Tyler flashed his pearly whites at me, which I would have called a little snaggly, frankly, not his best feature, but were nonetheless all there.

It is at this point that I committed a little industrial espionage, which is a fancier way of saying I stole stuff. Stealing data is not an exciting process. You can tell this because films in which it happens invariably involve an insane amount of props. In Rogue One, people climb up a tower and use some machine that looks like R.O.B. the Robot. In Disclosure, Michael Douglas enters some kind of virtual reality filing cabinet, like Tron if Tron had been really boring.

Anyway, I didn’t have any props, at least none that were related to the theft. It went down like this:

“Hey, Gary,” I said. “Vanetta needs a current copy of the code on a USB drive or something.”

This was a very brazen approach, in that it could have come back to haunt me if Gary had asked Vanetta about it, but I was willing to bet things were chaotic enough that this would never happen. And even if it did, I figured I could lie my way around it. Maybe I wanted to play-test a copy of the game at home to help find bugs. That sounded dumbly plausible.

“I don’t know why she wants it,” I said. “I think it was something that Lawrence was asking about?”

I probably shouldn’t have said that, because it was working against my play-test at home lie. But Gary just said, “Ugh, I’ll get it.”

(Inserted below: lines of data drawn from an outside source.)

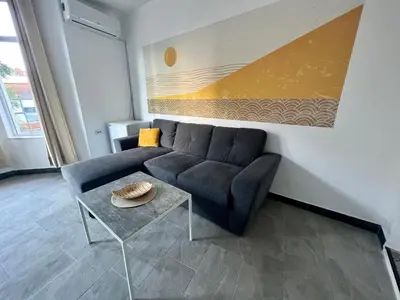 a living room with a couch and a table at The rainbow 3 in Sofia
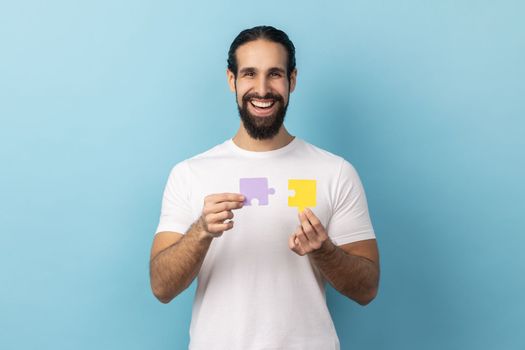 Portrait of man with beard wearing white T-shirt holding yellow and purple puzzle pieces, solving tasks, looking at camera with toothy smile. Indoor studio shot isolated on blue background.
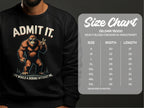 A person wears a Garment Graphics black sweatshirt featuring Sasquatch with a peace sign and the text Admit It. Life Would Be Boring Without Me. A size chart for the Gildan 18000 sweatshirt is available, offering precise measurements.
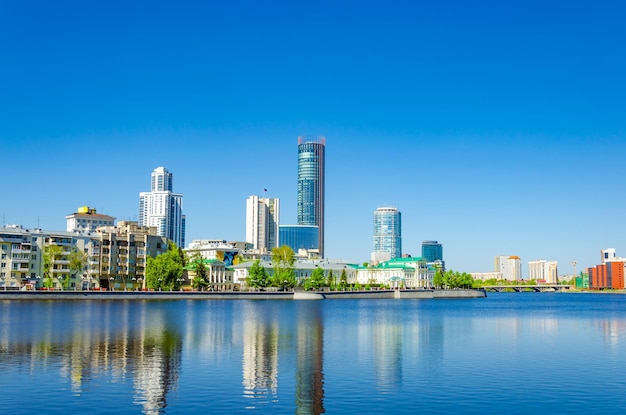 A city skyline with the river in the foreground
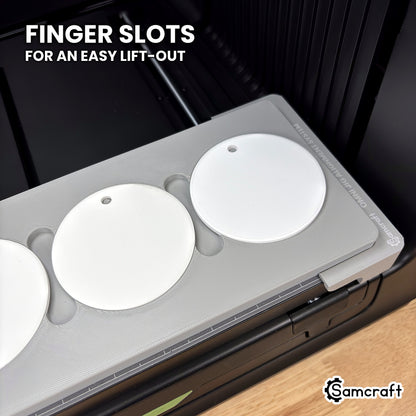 Close-up of the Samcraft round ceramic ornament jig for the xTool Omni showing the finger slots between the pockets for lifting each ornament out.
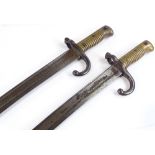 A pair of 19th century brass-hilted sword bayonets, overall length 69cm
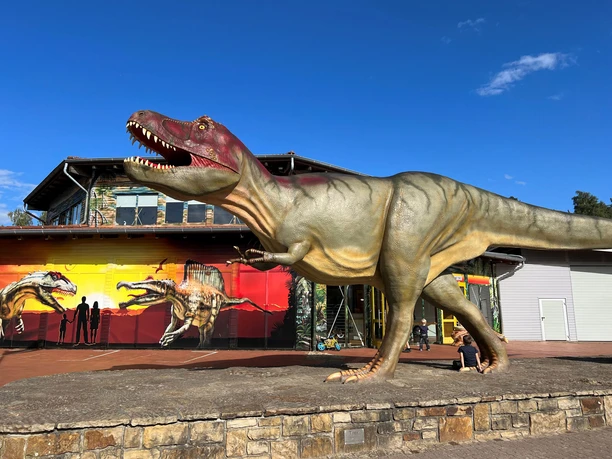 A life-size dinosaur model stands in front of a red building in Dinopark Münchehagen.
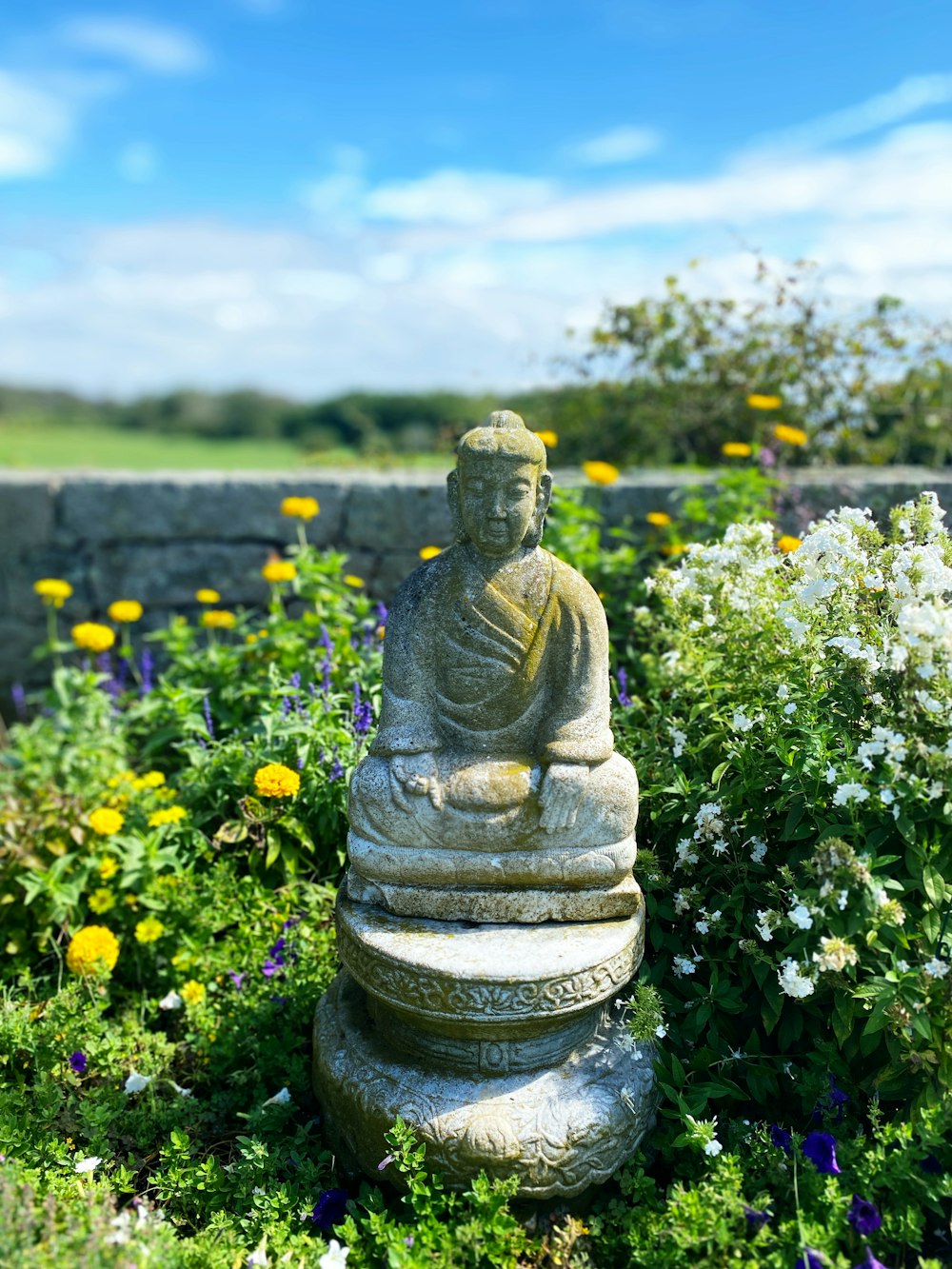 gold buddha statue on green grass field during daytime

Then Gary and I got into our laser motorcycles and drove into the Vault of Data. No, just kidding, although if this is somehow ever made into a movie, there will totally be laser cycles. Actually, Gary just copied it onto a USB and handed it to me.

I felt like I should talk to Gary a little bit more, just to wash the taste of this particular illegal activity out of his memories.

“So,” I said, “how about them Blues?” referring to our city’s venerable ice hockey team. This gambit was not so much dumbly plausible as simply dumb, because what the hell do I know about the Blues? I had a roommate in college who was obsessed with them, and from a year of living with her, I had learned nothing except that I wanted a new roommate.

Gary, however, took this more literally, and began to sing, as he had now done several times in our interactions. Gregorian chanting, this time, which I guess were the original Blues.

Vidi aquam egredientem,” sang Gary.

It’s hard to know how to respond to this, a grown man randomly chanting at you, although I could get behind the sentiment, and it was preferable to discussing ice hockey regardless.

“What’s with you and singing, anyway?” I asked.

Gary regarded this question academically.

“My wife doesn’t much like it when I sing,” said Gary. “So I suppose I try to get it out of my system here.”

“But what if we don’t like it?” I asked.

“I suppose you could complain to Human Resources,” said Gary, who also turned this into something of a song.

“Is there Human Resources?” I asked.

“Not since the drugging incident,” said Gary, who I assumed, erroneously, was making a joke.